En 2011, le Wall Street journal avait rendu un verdict implacable: « les mères chinoises sont supérieures». L’article faisait référence à Amy Chua, diplômée de Harvard et professeur de droit à Yale, et auteur du très polémique «Battle Hymn of the Tiger Mother». Dans ce livre, cette mère de famille sino-américaine auto-proclamée «Mère tigre» décrivait l’éducation à la dure qu’elle donnait à ses deux filles: interdiction de jouer ou dormir chez un ami, interdiction de regarder la télévision ou de jouer sur l’ordinateur, traiter les enfants de «déchet» en cas de mauvaise note... Pour Amy Chua et le Wall Street journal, ce mode d’éducation garantissait la réussite scolaire des enfants. La preuve: la petite Sophia Chua lisait Sartre à 3 ans.
Réputées peu autoritaires, les mères occidentales et surtout européennes étaient censées en prendre de la graine. Raté. Les mères en question avaient surtout été horrifiées par la violence de ce modèle éducatif. Toujours dans le WSJ, Ayelet Waldman avait publié une «défense de la coupable, ambivalente, et préoccupée mère occidentale».
Trois après cette vive polémique, le combat entre Amy Chua et Ayelet Waldman est ressuscité par une étude à la méthodologie discutable.
Deux chercheurs de l’université de Stanford viennent de publier une étude sur l’efficacité respective de l’éducation à la dure et de l’éducation permissive. L’étude conclut que les deux styles peuvent l’un et l’autre être efficaces, mais tout dépend du rapport de l’enfant à sa mère.
L'efficacité en question est mesurée en termes de performances cognitives et de combativité, tandis que le rapport à la mère est analysé à travers les mots employés par l’enfant pour la décrire.
Les chercheurs ont demandé à 117 étudiants du secondaire de résoudre une énigme extrêmement compliquée puis leur ont demandé de décrire leurs mères. Après avoir donné leur description, les élèves ont été invités à résoudre une autre énigme.
Or, lorsque les étudiants américains d'origine asiatique ont pensé à leur mère, ils ont montré plus de motivation après avoir échoué à la première énigme. Les étudiants américano-européennes eux ont montré moins de motivation après avoir évoqué leurs mères.

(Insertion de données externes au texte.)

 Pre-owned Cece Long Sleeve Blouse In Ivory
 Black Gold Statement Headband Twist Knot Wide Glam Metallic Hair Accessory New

Mais c’est surtout la manière dont les élèves ont parlé de leur mère qui ont suscité l’intérêt des chercheurs: quand ils parlent de leur mamans, les élèves sino-américains étaient plus enclins à parler de leur relation que des qualités personnelles de leurs mères. Ils ont également décrit l’implication de leur mère dans leur vie comme positive.
Nul ne s'est demandé s'il était possible d'être
à la fois cool
et autoritaire
A l’inverse, quand ils doivent parler de leur mère, les élèves d’origine européenne ne disent rien de la qualité de leur rapports mais se contentent de décrire sa personnalité. Ils affirment également voir toute intrusion de leur mère comme un manque de confiance et non comme une source de motivation.
Et c’est ce qui permet aux chercheurs de conclure que ça n’est pas tant le modèle éducatif qui compte, mais la manière dont la mère explique ses choix à l’enfant qui compte. Si une mère réussit à convaincre son enfant que sa réussite résulte d’un projet individuel, l’enfant apprendra à se motiver tout seul.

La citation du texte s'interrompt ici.